Wir erinnern an diesem Tag aber nicht nur an die leidvollen Erfahrungen, die sich aus der jahrzehntelangen Teilung Deutschlands ergaben, sondern danken zugleich für die am 3. Oktober 1990 gewonnene Einheit in Freiheit. Der 17. Juni, in der Bundesrepublik von 1953 bis 1990 als „Tag der deutschen Einheit“ gesetzlicher Feiertag, der 13. August 1961, an dem die Mauer gebaut wurde, der 9. November 1989, an dem die Mauer zum Einsturz gebracht wurde, und der 3. Oktober 1990 stehen in einem inneren Zusammenhang.

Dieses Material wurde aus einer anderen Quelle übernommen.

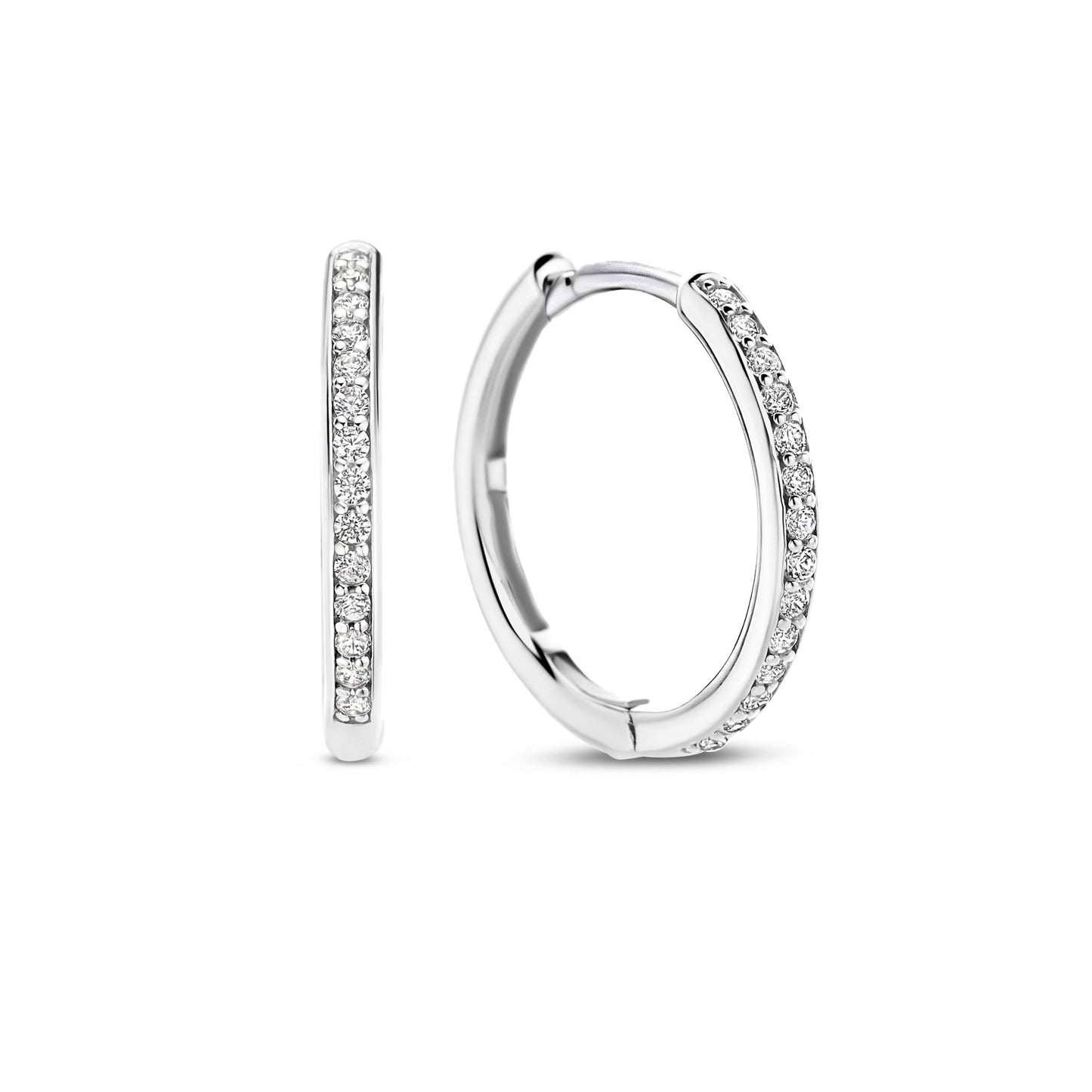TI SENTO Earrings 7959ZI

Für die Menschen im geteilten Deutschland war das Gedenken an den 17. Juni von gegensätzlichen Emotionen bestimmt. Für die Kirchen war er immer Anlass zu Besinnung und Gebet, insbesondere auch zu der Aufforderung, die Brücke zwischen Ost und West weiter zu festigen. Das Wort des Rates der EKD vom 12. Juni 1953 schloss mit dem Aufruf: „Das Ziel, dass wir in Freiheit und echtem Frieden wieder ein einiges deutsches Volk werden, liegt noch in weiter Ferne, wenn wir auch hoffen, dass Gott uns diesem Ziel Schritt für Schritt näher bringt. ... Wir wollen nicht müde werden, die Hände zu Ihm zu erheben und für die Zukunft von Volk und Kirche seine Gnade zu erbitten.“ Die katholischen Christen haben dem dreimal täglich gebeteten „Engel des Herrn“ jahrzehntelang die Fürbitte angefügt: „Dass du der Kirche die Freiheit, unserem Volk die Einheit und der Welt den Frieden schenken wollest.“

Die Belastungen aus der geteilten Vergangenheit sind weitreichender und größer als viele für möglich gehalten haben. Die menschlichen, wirtschaftlichen und sozialen Folgen und Probleme der deutschen Teilung sind trotz gewaltiger Anstrengungen noch längst nicht überwunden. Die Erinnerung an den 17. Juni ist deshalb auch eine Aufforderung an uns alle, in den Bemühungen, die  innere Einheit Deutschlands voranzubringen, nicht nachzulassen.

So bleibt dieser Tag ein Symbol der Zivilcourage und des Einsatzes für Menschenrechte, Selbstbestimmung, Glaubens- und Gewissensfreiheit. Papst Johannes Paul II. hat sich bei seinem Besuch in Deutschland 1996 am Brandenburger Tor, dem Symbol für Freiheit, mit einem vierfachen Appell verabschiedet: Es gibt keine Freiheit ohne Wahrheit. Es gibt keine Freiheit ohne Solidarität. Es gibt keine Freiheit ohne Opfer. Es gibt keine Freiheit ohne Liebe.
Die gemeinsame Erinnerung an den 17. Juni 1953 mahnt uns, Solidarität und Opfer, Wahrheit und Liebe, die zusammengehören, nicht von einander zu trennen.